**Records drawn from a dataset:**
*** Begin section ***

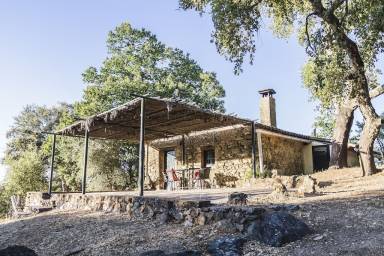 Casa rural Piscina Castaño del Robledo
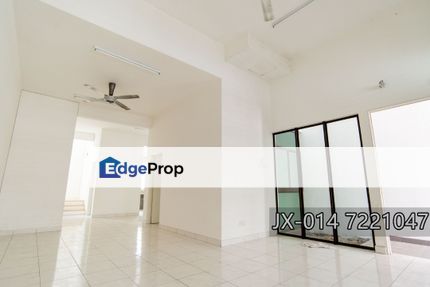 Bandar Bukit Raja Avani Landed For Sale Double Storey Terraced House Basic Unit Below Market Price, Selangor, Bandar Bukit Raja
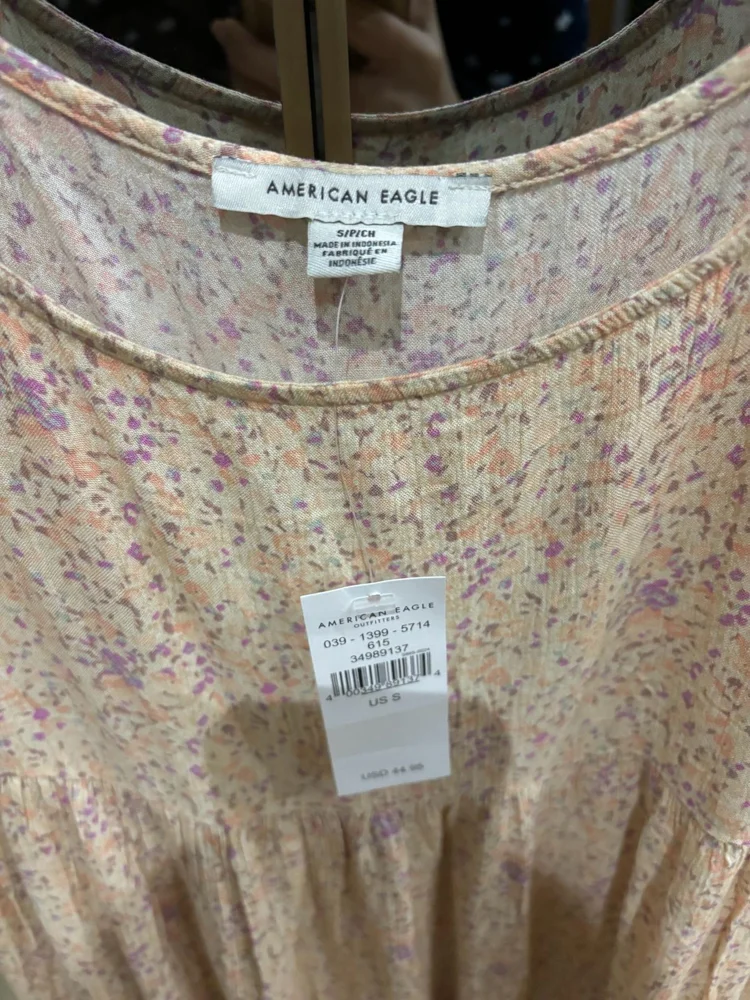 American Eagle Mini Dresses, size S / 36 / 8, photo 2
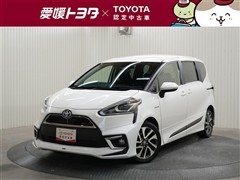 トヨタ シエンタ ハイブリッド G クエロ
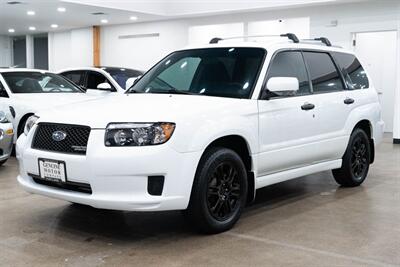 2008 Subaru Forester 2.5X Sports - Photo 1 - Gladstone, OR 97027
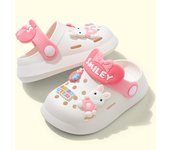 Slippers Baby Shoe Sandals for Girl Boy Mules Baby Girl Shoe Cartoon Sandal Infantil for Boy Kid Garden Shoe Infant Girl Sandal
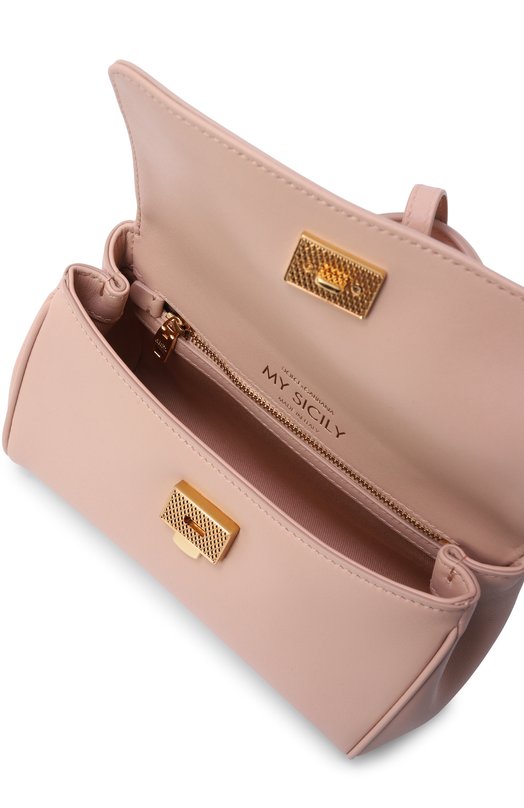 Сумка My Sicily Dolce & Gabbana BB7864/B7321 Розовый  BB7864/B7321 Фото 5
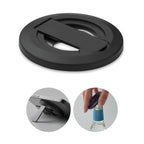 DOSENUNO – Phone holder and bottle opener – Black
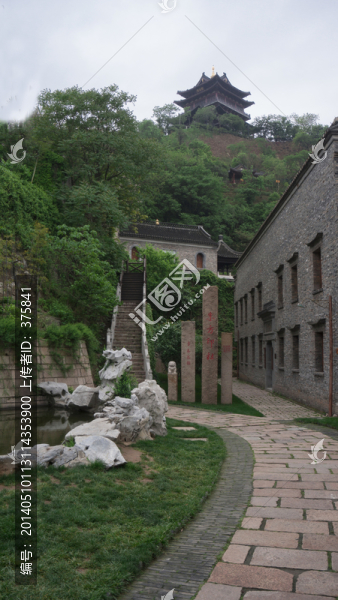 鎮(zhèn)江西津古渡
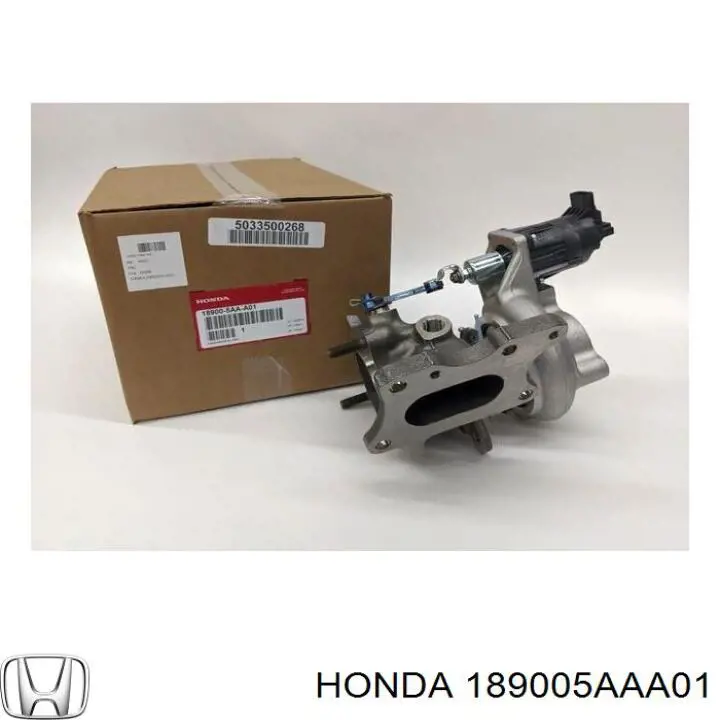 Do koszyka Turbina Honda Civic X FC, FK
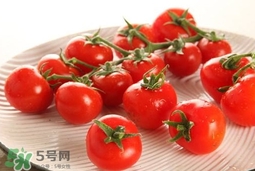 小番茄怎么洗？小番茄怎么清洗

*** End section ***

**BRIEF:** Exclude all images, then retype the records above without alteration.

**SOLUTION BELOW:**
 Casa rural Piscina Castaño del Robledo
 Bandar Bukit Raja Avani Landed For Sale Double Storey Terraced House Basic Unit Below Market Price, Selangor, Bandar Bukit Raja
 American Eagle Mini Dresses, size S / 36 / 8, photo 2
 トヨタ シエンタ ハイブリッド G クエロ
 2008 Subaru Forester 2.5X Sports - Photo 1 - Gladstone, OR 97027
 Slippers Baby Shoe Sandals for Girl Boy Mules Baby Girl Shoe Cartoon Sandal Infantil for Boy Kid Garden Shoe Infant Girl Sandal
 Сумка My Sicily Dolce & Gabbana BB7864/B7321 Розовый  BB7864/B7321 Фото 5
 DOSENUNO – Phone holder and bottle opener – Black
 鎮(zhèn)江西津古渡
 Do koszyka Turbina Honda Civic X FC, FK
 小番茄怎么洗？小番茄怎么清洗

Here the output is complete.